Content starts

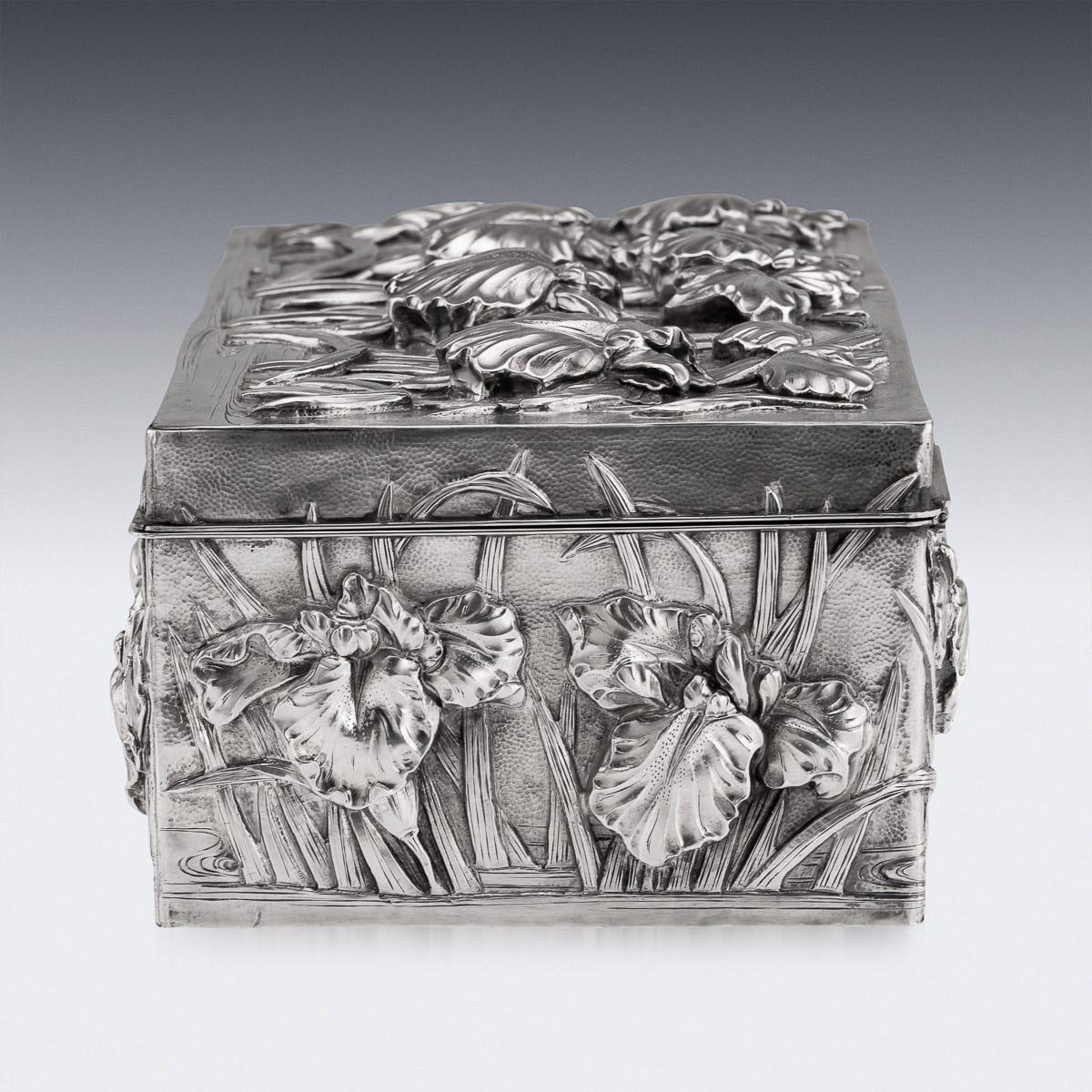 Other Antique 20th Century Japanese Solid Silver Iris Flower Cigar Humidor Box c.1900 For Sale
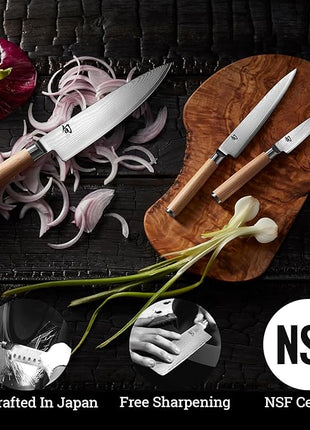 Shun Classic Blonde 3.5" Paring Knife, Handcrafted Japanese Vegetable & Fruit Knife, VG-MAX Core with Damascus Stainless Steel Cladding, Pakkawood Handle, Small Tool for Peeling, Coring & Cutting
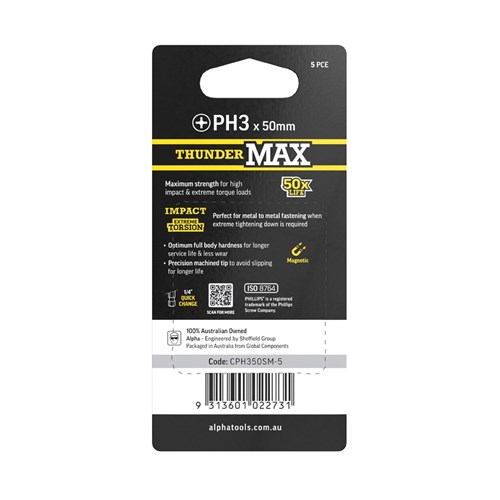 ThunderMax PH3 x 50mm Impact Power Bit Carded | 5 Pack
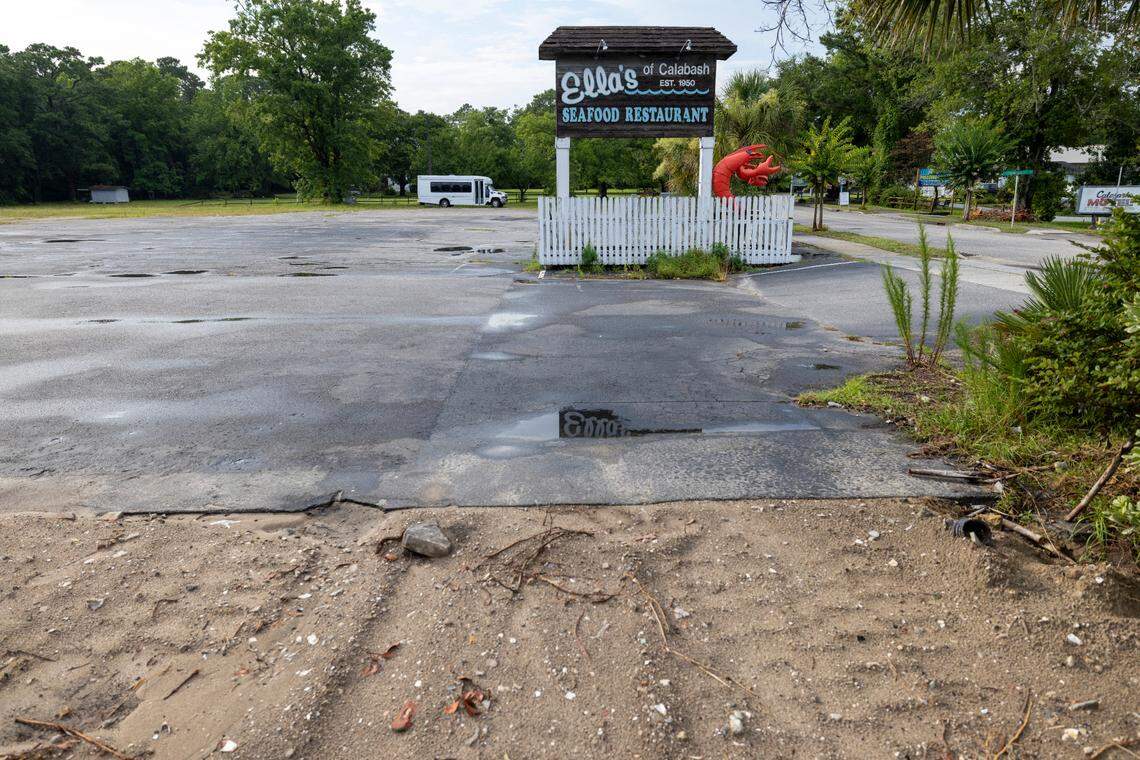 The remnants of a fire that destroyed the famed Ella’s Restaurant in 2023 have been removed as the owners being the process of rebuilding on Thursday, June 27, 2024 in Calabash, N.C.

Content ends

--- WHAT YOU ARE ASKED TO DO ---
If the data includes images, omit them, and set down everything else exactly as above.

--- RESPONSE TO THE TASK ---
 Other Antique 20th Century Japanese Solid Silver Iris Flower Cigar Humidor Box c.1900 For Sale
 Shun Classic Blonde 3.5" Paring Knife, Handcrafted Japanese Vegetable & Fruit Knife, VG-MAX Core with Damascus Stainless Steel Cladding, Pakkawood Handle, Small Tool for Peeling, Coring & Cutting
 ThunderMax PH3 x 50mm Impact Power Bit Carded | 5 Pack
 The remnants of a fire that destroyed the famed Ella’s Restaurant in 2023 have been removed as the owners being the process of rebuilding on Thursday, June 27, 2024 in Calabash, N.C.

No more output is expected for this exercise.